Isn’t sinning turning away from God?
Did your parents disown you whenever you disobeyed them?
Were you not part of the family any more? Did they kick you out of the house?
Did you have to work or earn your way back into the good graces of your own parents?
There's a big difference between sinning and willfully choosing to reject God.
And Scripture doesn't tell us that we lose our salvation every time we commit a sin nor does it teach that every little sin we commit is a is rejection of God at the cost of our salvation.
On the contrary, if you believe that then you have to figure out what to do with the passage in Hebrews that says this.
Hebrews 6:4-6 For it is impossible, in the case of those who have once been enlightened, who have tasted the heavenly gift, and have shared in the Holy Spirit, and have tasted the goodness of the word of God and the powers of the age to come, and then have fallen away, to restore them again to repentance, since they are crucifying once again the Son of God to their own harm and holding him up to contempt.

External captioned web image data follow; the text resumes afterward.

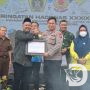Kapolres Gresik Diganjar Penghargaan, Berkontribusi di Porprov Jatim 2022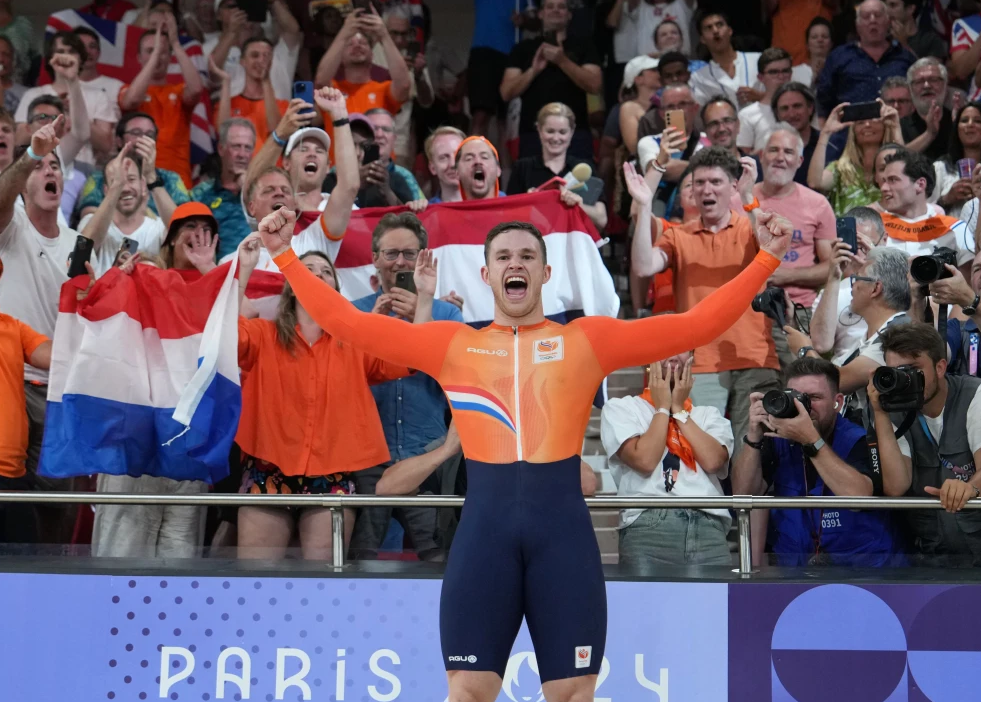 荷兰自行车选手携手刷新纪录的简单介绍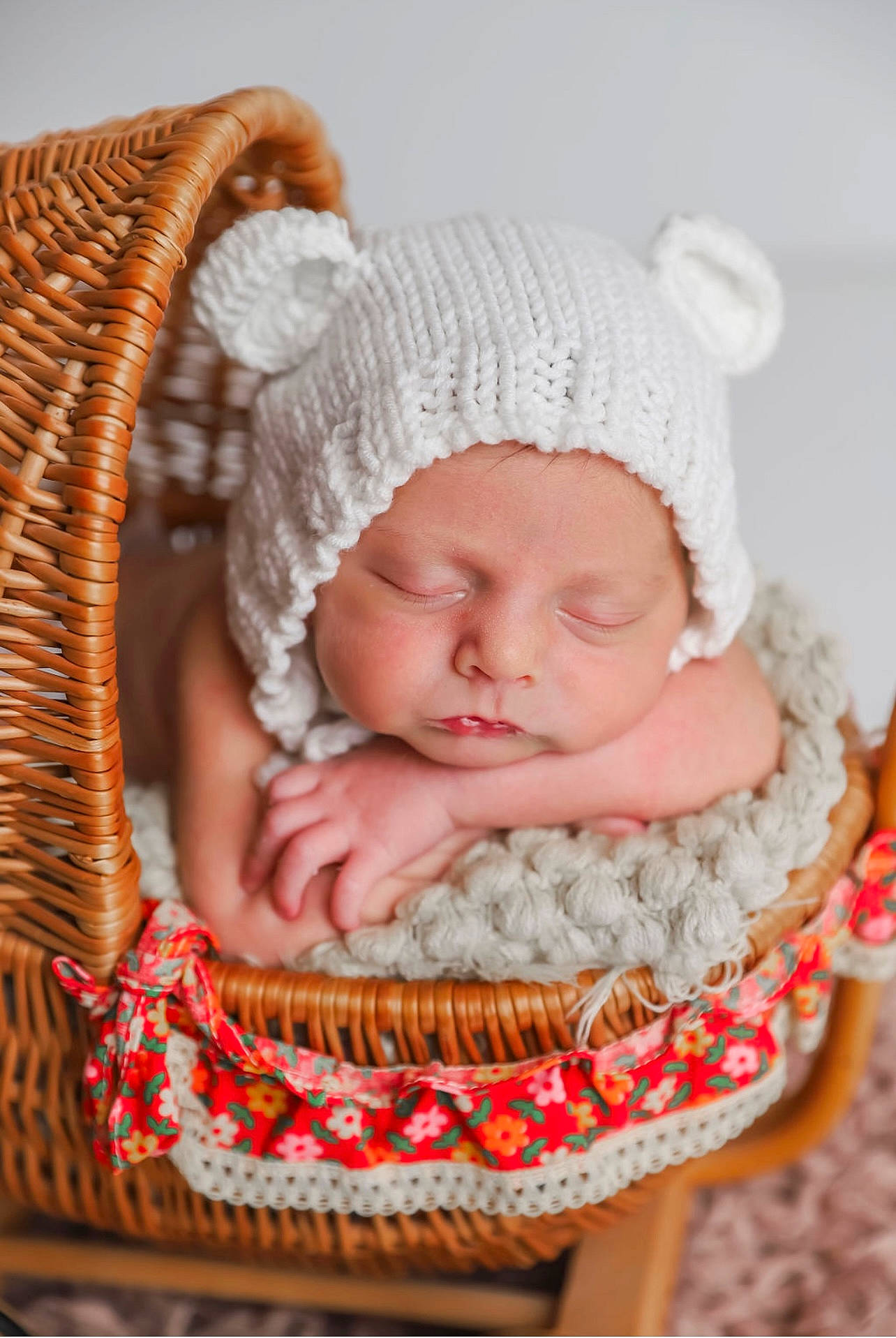 Jersey is registered to the contest to win money with this photo: art, baby, baby_sleeping, baby_toddler_clothing, cap, child, comfort, craft, creative_arts, crochet, fashion_accessory, grass, hat, headgear, headwear, pattern, peach, person, sitting, toddler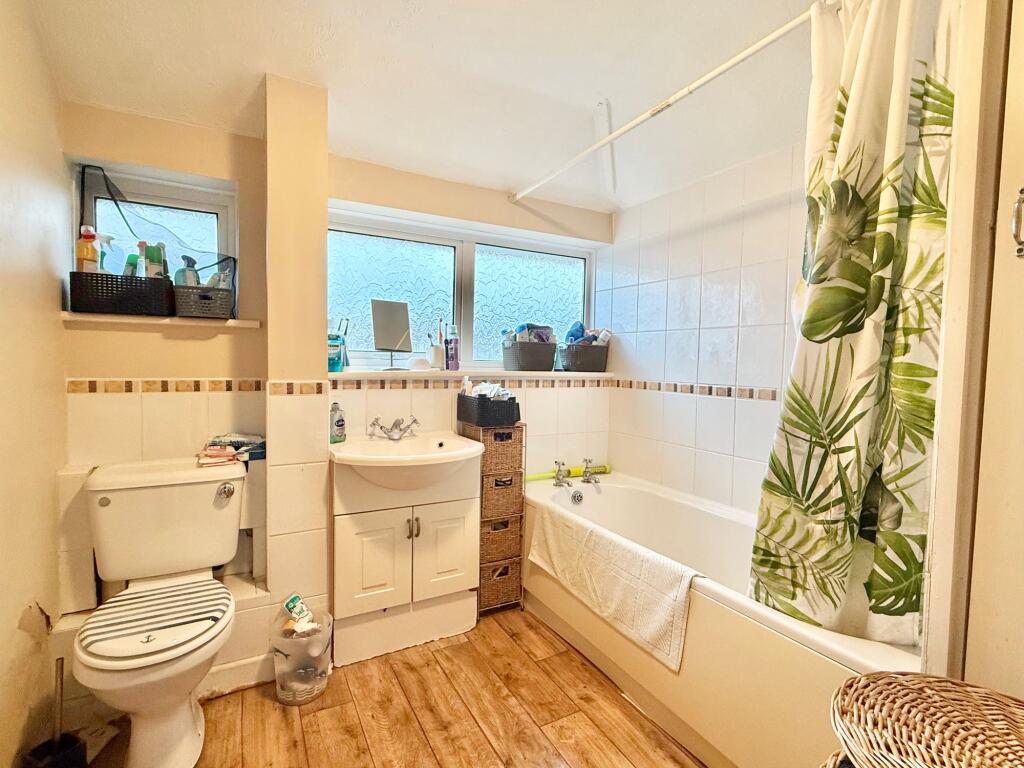 Highlands Close, Dibden Purlieu, SO45 photo 3
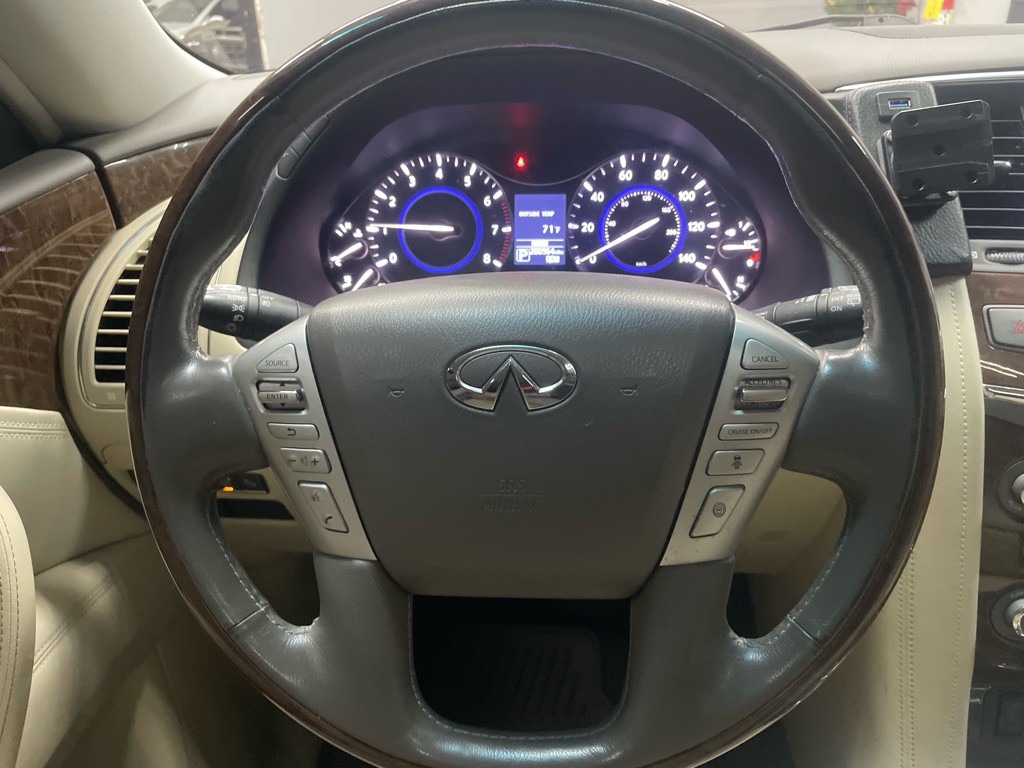 2017 INFINITI QX80 Image 22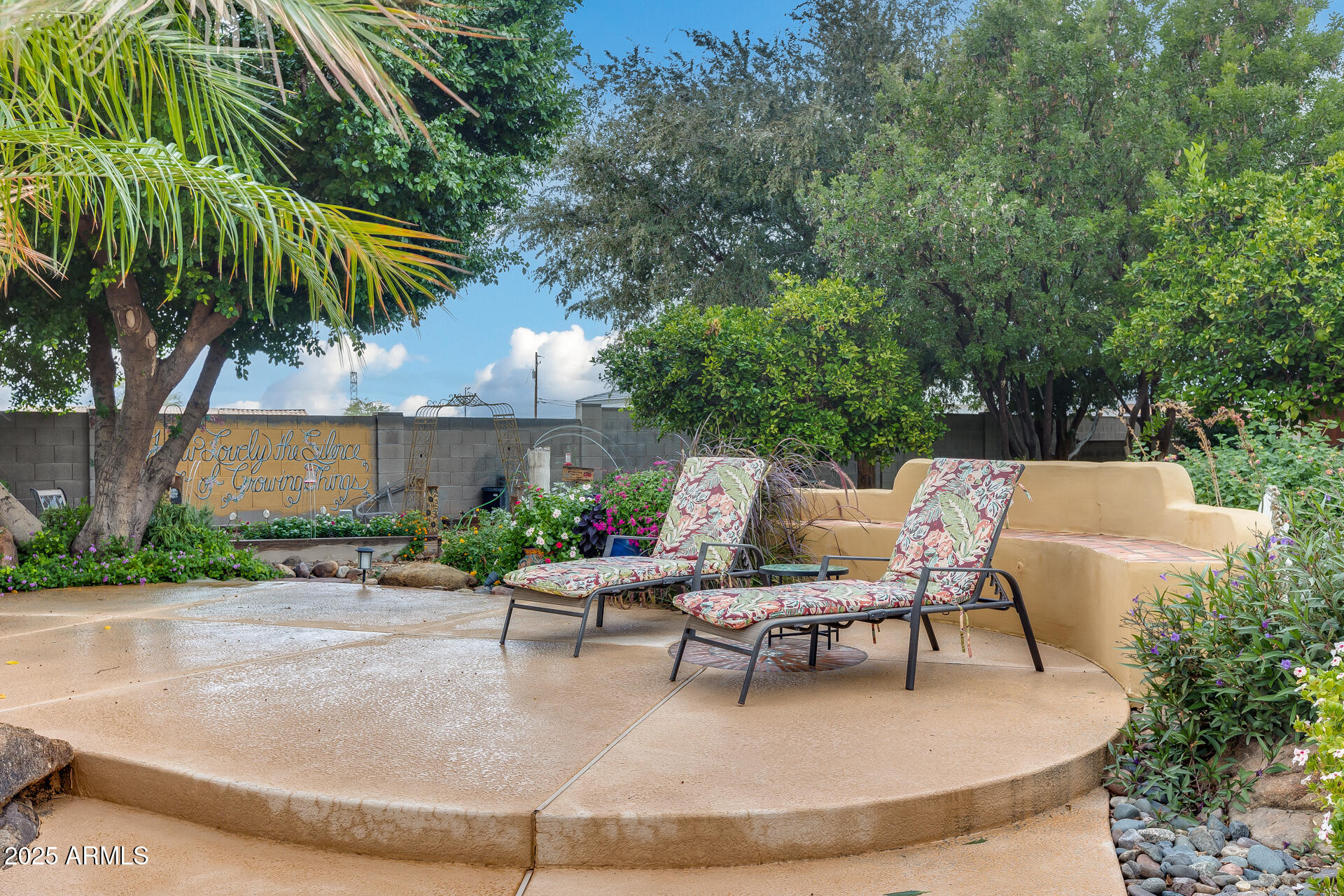 23712 N 104TH Avenue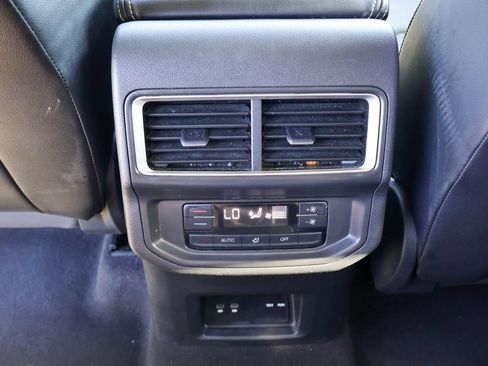 Used 2024 Volkswagen Atlas SE FWD image 19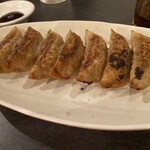 高知名物屋台餃子 一屋 - 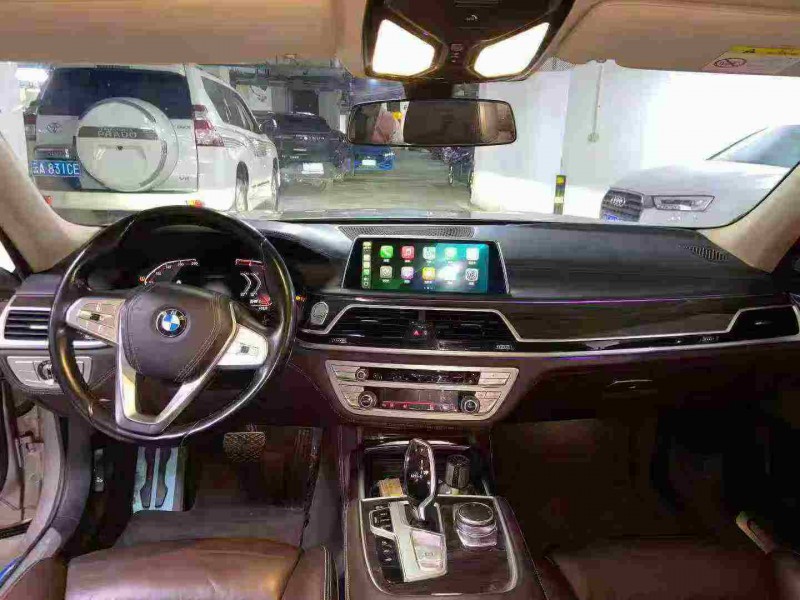 成都21年宝马7系6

If you think that salvation can be lost by sinning, then it is IMPOSSIBLE to bring that person back to repentance.
There is no on again/off again salvation depending on what kind of day you're having.
Salvation, then, is a one shot deal and if you sin once, by your reasoning and definition, you are lost, and that is that. You CANNOT come back again.
But if you believe that a Christian and gain and lose his salvation on a minute by minute basis, then how to you explain, or rather explain away, the verses I posted in post 12 about the security of the believer in Christ?
So, yes in a sense it is turning away from God but not rejecting Him to the point of forfeiting one's salvation, if that were even possible.